A word-for-word copy of the listing is required, and it must contain no pictures.

================================

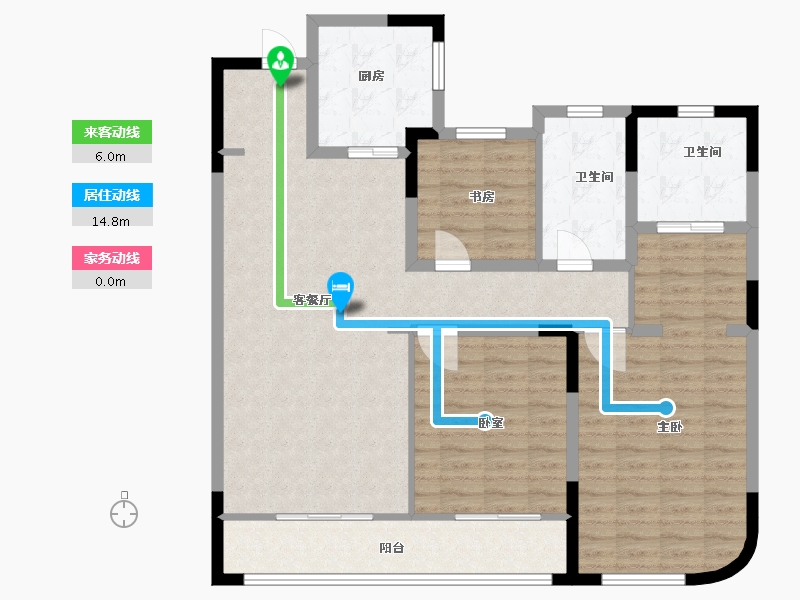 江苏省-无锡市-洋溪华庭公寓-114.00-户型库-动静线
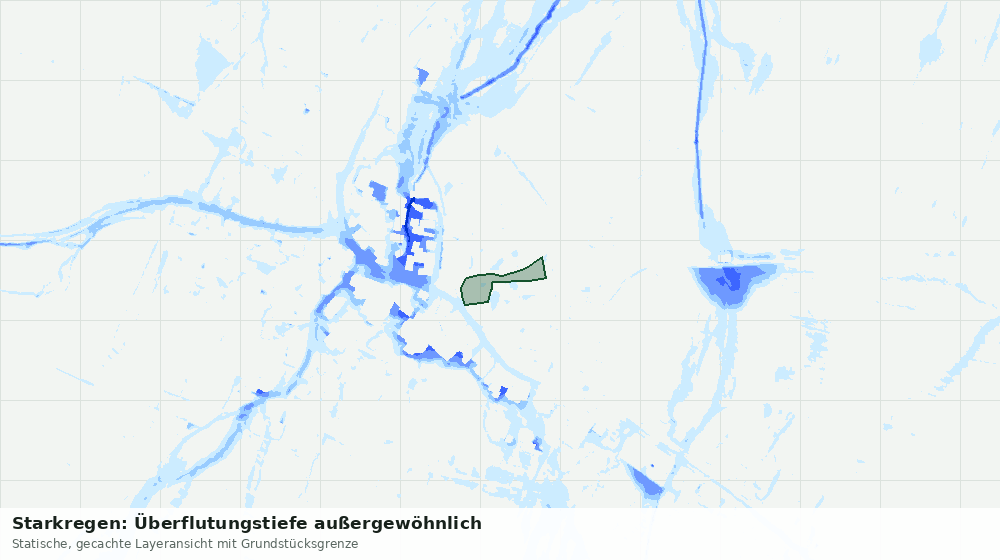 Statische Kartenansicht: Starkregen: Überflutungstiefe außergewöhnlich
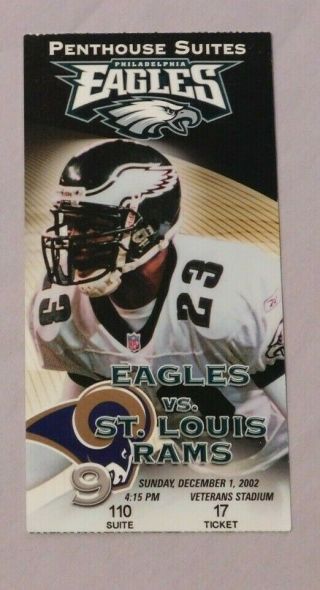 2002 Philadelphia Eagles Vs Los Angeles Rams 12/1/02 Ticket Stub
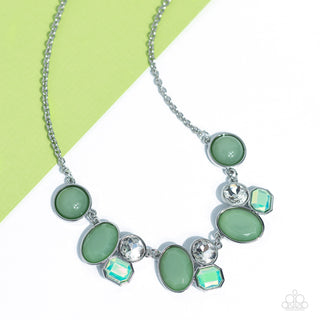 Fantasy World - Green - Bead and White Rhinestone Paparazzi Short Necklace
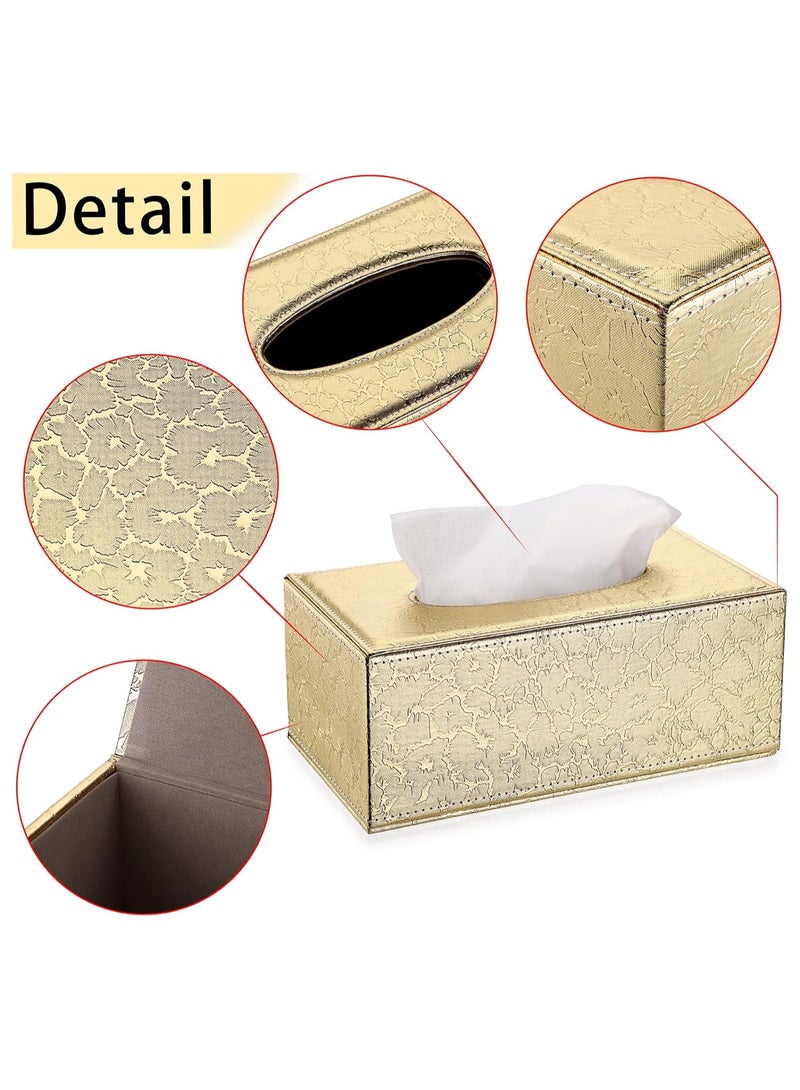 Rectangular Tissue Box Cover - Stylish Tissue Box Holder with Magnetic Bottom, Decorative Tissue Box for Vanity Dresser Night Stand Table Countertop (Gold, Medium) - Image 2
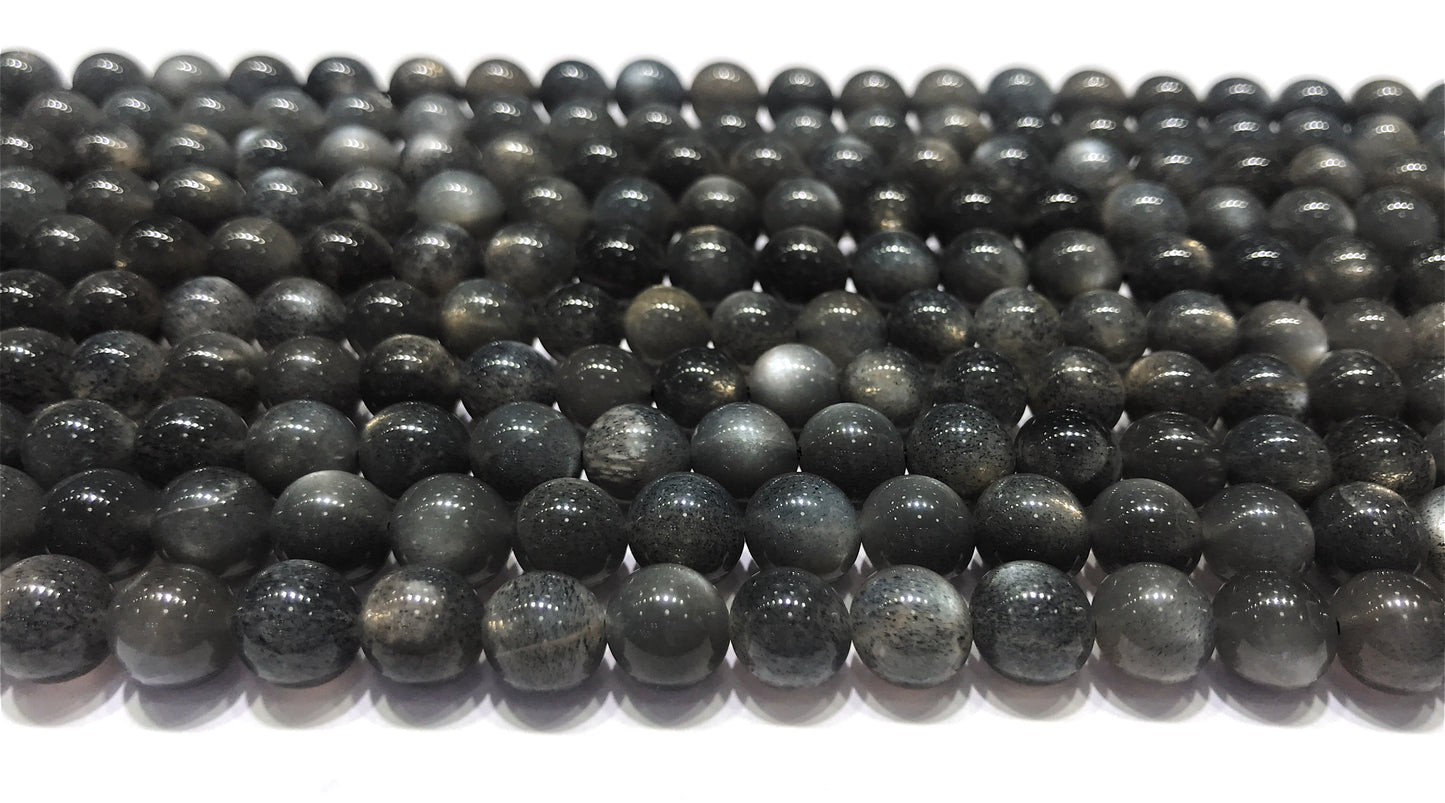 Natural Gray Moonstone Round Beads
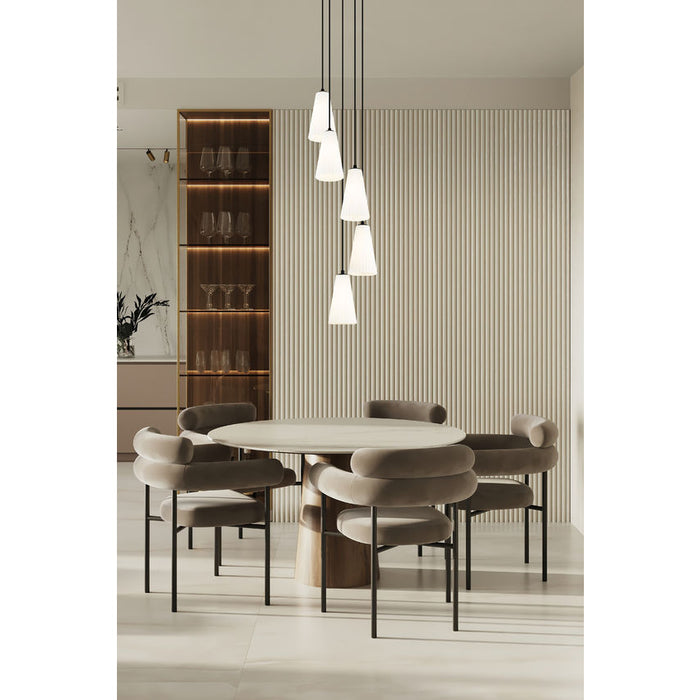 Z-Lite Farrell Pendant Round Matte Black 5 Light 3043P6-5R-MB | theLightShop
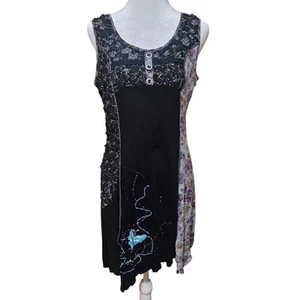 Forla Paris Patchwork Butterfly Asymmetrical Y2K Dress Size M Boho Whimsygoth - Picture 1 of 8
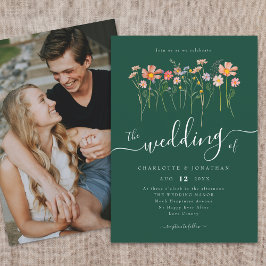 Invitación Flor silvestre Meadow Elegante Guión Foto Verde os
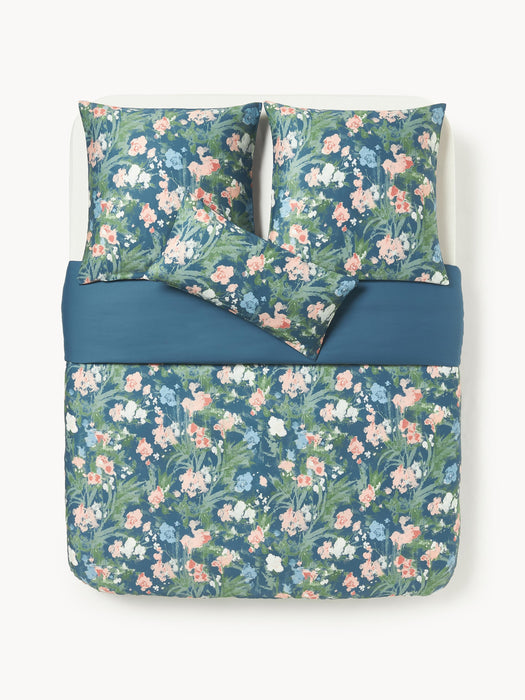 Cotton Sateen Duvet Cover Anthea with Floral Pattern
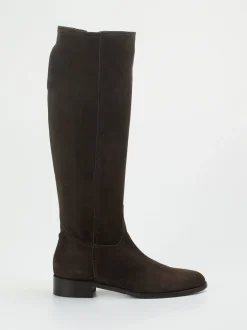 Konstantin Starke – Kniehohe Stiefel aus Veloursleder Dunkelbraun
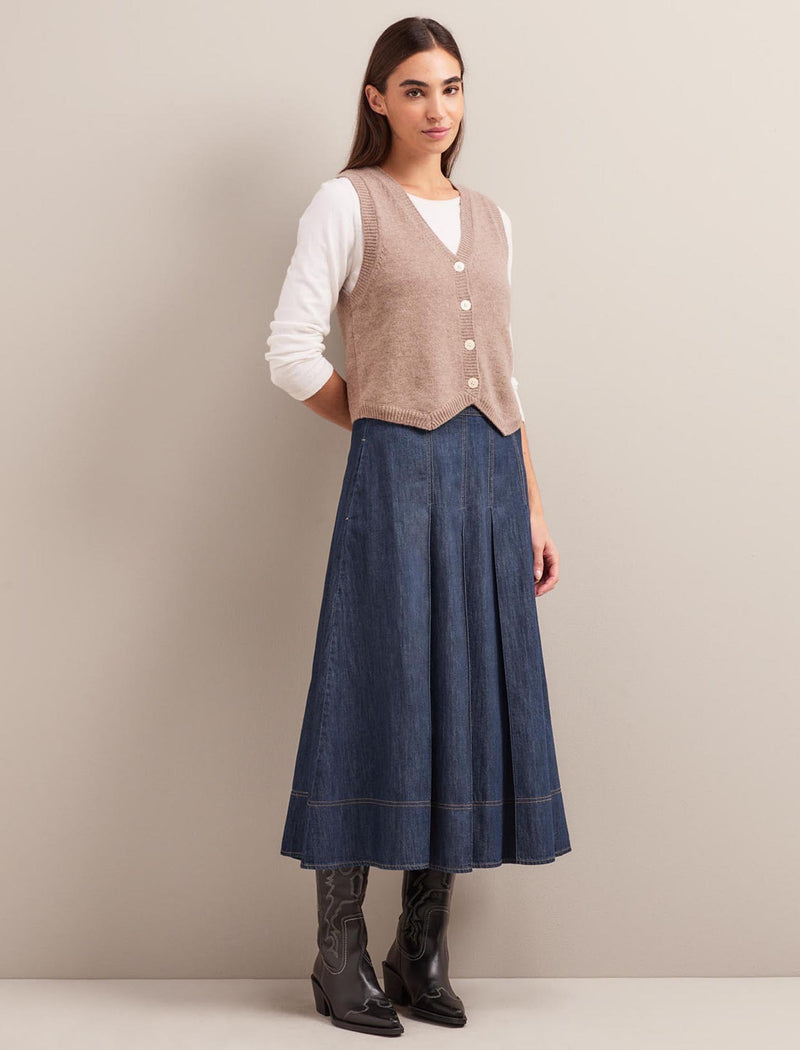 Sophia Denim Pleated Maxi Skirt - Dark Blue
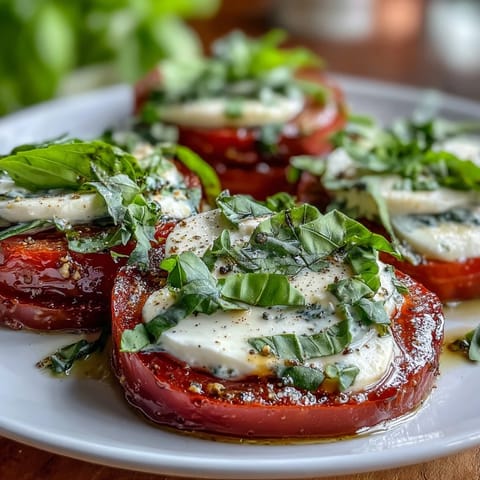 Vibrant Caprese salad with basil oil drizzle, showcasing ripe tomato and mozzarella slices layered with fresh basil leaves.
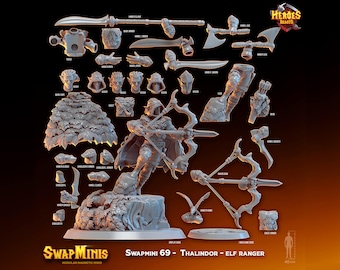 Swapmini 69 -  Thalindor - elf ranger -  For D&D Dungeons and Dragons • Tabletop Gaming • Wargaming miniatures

================================

-- Solution below --
 江苏省-无锡市-洋溪华庭公寓-114.00-户型库-动静线
 Statische Kartenansicht: Starkregen: Überflutungstiefe außergewöhnlich
 2002 Philadelphia Eagles Vs Los Angeles Rams 12/1/02 Ticket Stub
 Fantasy World - Green - Bead and White Rhinestone Paparazzi Short Necklace
 Rectangular Tissue Box Cover - Stylish Tissue Box Holder with Magnetic Bottom, Decorative Tissue Box for Vanity Dresser Night Stand Table Countertop (Gold, Medium) - Image 2
 Natural Gray Moonstone Round Beads
 Z-Lite Farrell Pendant Round Matte Black 5 Light 3043P6-5R-MB | theLightShop
 Forla Paris Patchwork Butterfly Asymmetrical Y2K Dress Size M Boho Whimsygoth - Picture 1 of 8
 Invitación Flor silvestre Meadow Elegante Guión Foto Verde os
 Cotton Sateen Duvet Cover Anthea with Floral Pattern
 Konstantin Starke – Kniehohe Stiefel aus Veloursleder Dunkelbraun
 Sophia Denim Pleated Maxi Skirt - Dark Blue
 Vibrant Caprese salad with basil oil drizzle, showcasing ripe tomato and mozzarella slices layered with fresh basil leaves.
 Swapmini 69 -  Thalindor - elf ranger -  For D&D Dungeons and Dragons • Tabletop Gaming • Wargaming miniatures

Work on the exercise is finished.